I got started using Home Assistant a couple of years ago, when I was still running it as a single Docker Container on my previous QNAP NAS. Now, Home Assistant is running in its dedicated VM on my Unraid Server. While there are other solutions for home automation, I really appreciate the development Home Assistant is taking, abstracting all vendors to a single unified dashboard while supporting plug-ins and 3rd party tools. One technology I am relying on for my home is Zigbee, since I do not want to crowd my Wifi network with too many individual sensors. To enable my server for the Zigbee protocol, I purchased a Conbee II stick and passed it to my Home Assistant VM as a USB device. This allows me to access all different kinds of Aqara sensors, Philips Hue bulbs and Osram Lightify strips as native entities within Home Assistant, after configuring a small plug-in for the stick (“Deconz”).

Automating

While Home Assistant makes it easy to configure simple automations via its UI, I am relying on another plug-in for more complex automations. Node-Red allows me to use a graphical interface to model my automations and support all different kinds of actions, from triggers like state changes within Home Assistant to API calls via HTTP requests or MQTT commands. While there might be much more elegant ways to achieve the light changes, these were my requirements:

  • When my standing desk height is not changed for 60 minutes, I want to get notified by turning a light at the other side of the room to the color red
  • When the lights are currently off, the notification turns them on
  • When I change the standing desk height, the counter is reset and the lights are turned to regular lighting again
  • When the lights had been off before the automation turned them on (in red), changing the desk height should not only turn them back to normal, but also turn them off afterwards
  • This automation should only run during my work hours

The last requirement was solved through a helper variable in Home Assistant. While I could try to find ways to automatically let my server discover I am currently working at my desk (e.g. through movement sensors), I wanted to be able to manually turn this automation on and off again - therefore I am simply scanning an NFC tag at my desk to toggle the behavior. The following flowchart is a screenshot taken from Node-Red, solving all the requirements mentioned above. Some of the design decisions may become clearer in the next section, where I explain how I determine whether the standing desk height has been changed. /images/nodered-desk.png

Measuring desk height changes through energy consumption

My standing desk is not smart by design. While there are attempts to reverse engineer the protocol the desk’s remote is using, I decided against installation of an ESP device with RJ45 connection for this simple use case. I do not need to be able to set the desk’s height or even determine the height, but only need to know whether this height has been changed in the last 60 minutes. I considered options like movement sensors below the desk (might be too sensitive) and magnetic contact sensors fixed to the wall (would only determine very specific heights), but finally settled on the easiest solution I could think of: Measuring the amount of energy drawn by the standing desk while the motor is working. Luckily, all I needed for this was already in place. I had purchased some Gosund SP112 smart plugs a couple of years ago, and flashed them with the open firmware Tasmota. This allowed me to run these Chinese devices with a purely local connection on my home network, leveraging the MQTT-protocol. These smart plugs are able to measure the energy consumption of connected devices and also integrate into Home Assistant perfectly. So all I had to do now was connect the desks power cord to this smart plug and look for the energy sensor data to update, once the motor was moving the desk, to determine thresholds that tell me the desk motor has done some work.

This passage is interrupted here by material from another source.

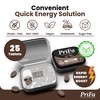 PriFa Mocha Coffee Tablets – Sweetened with Stevia, Decadent Mocha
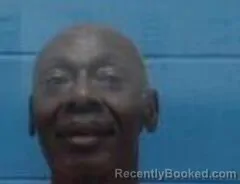 Mugshot of Dewan Sparks booked in Kemper County, Mississippi on October 25, 2026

Unfortunately, I had to create a small workaround at this point. Since the MQTT sensor updates were too infrequent to detect every surge in energy consumption, I could not rely on them for my automation. Instead I chose to incorporate API polling to the smart plug every 5 seconds in the automation above, determining whether my desk has been moved. If yes, all counters depicted in the flow would be reset - if not, my Zigbee lightstrips would be turned to red after 60 minutes!

The tip of the iceberg

Do I really need this? Of course not, it’s just for fun. Slightly helpful, at least! When I was still running Windows, this automation was even more complex. At that time I was able to determine whether I was in a call on MS Teams via a PowerShell script. If I was, the automation would wait for my call to end, before changing the lights.

There are a some more fun use cases I have implemented, like my smart letterbox sending me notifications about the number of letters in our physical mailbox, my MQTT-controlled portafilter, or automated work time-tracking for my wife through geo-fencing… the sky is the limit!